I'm trying to use SGD to classify a large dataset. As the data is too large to fit into memory, I'd like to use the partial_fit method to train the classifier. I have selected a sample of the dataset (100,000 rows) that fits into memory to test fit vs. partial_fit:

from sklearn.linear_model import SGDClassifier

def batches(l, n):
    for i in xrange(0, len(l), n):
        yield l[i:i+n]

clf1 = SGDClassifier(shuffle=True, loss='log')
clf1.fit(X, Y)

clf2 = SGDClassifier(shuffle=True, loss='log')
n_iter = 60
for n in range(n_iter):
    for batch in batches(range(len(X)), 10000):
        clf2.partial_fit(X[batch[0]:batch[-1]+1], Y[batch[0]:batch[-1]+1], classes=numpy.unique(Y))

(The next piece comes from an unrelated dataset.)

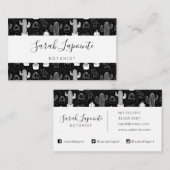 黒と白のサボテンのドードルパターン 名刺 (正面/裏面)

I then test both classifiers with an identical test set. In the first case I get an accuracy of 100%. As I understand it, SGD by default passes 5 times over the training data (n_iter = 5).

In the second case, I have to pass 60 times over the data to reach the same accuracy.

Why this difference (5 vs. 60)? Or am I doing something wrong?

David M.
  • 4,518
  • 2
  • 20
  • 25
  • 1
    Give `verbose=1` to the SGD constructor, that may give you a hint. – Fred Foo Jul 08 '14 at 13:23
  • First case (fit) ends with "-- Epoch 5 Norm: 29.25, NNZs: 300, Bias: -1.674706, T: 459595, Avg. loss: 0.076786". Second case (partial_fit) after 10 passes ends with "-- Epoch 1 Norm: 22.99, NNZs: 300, Bias: -1.999685, T: 1918, Avg. loss: 0.089302". What should I be looking for? thx – David M. Jul 08 '14 at 14:46
  • The average loss. Check if it drops faster in the batch case. – Fred Foo Jul 08 '14 at 14:58
  • In the first case it drops from 0.087027 to 0.076786 in 15 passes (5 epochs; 3 passes/epoch). In the second case it's difficult to tell because it seems to me that the avg loss figures relate to each individual batch; hence great variations in the numbers (e.g. the last 10 figures are 0.000748; 0.258055; 0.001160; 0.267540; 0.036631; 0.291704; 0.197599; 0.012074; 0.109227; 0.089302). – David M. Jul 08 '14 at 15:28

1 Answers1

78

I have finally found the answer. You need to shuffle the training data between each iteration, as setting shuffle=True when instantiating the model will NOT shuffle the data when using partial_fit (it only applies to fit). Note: it would have been helpful to find this information on the sklearn.linear_model.SGDClassifier page.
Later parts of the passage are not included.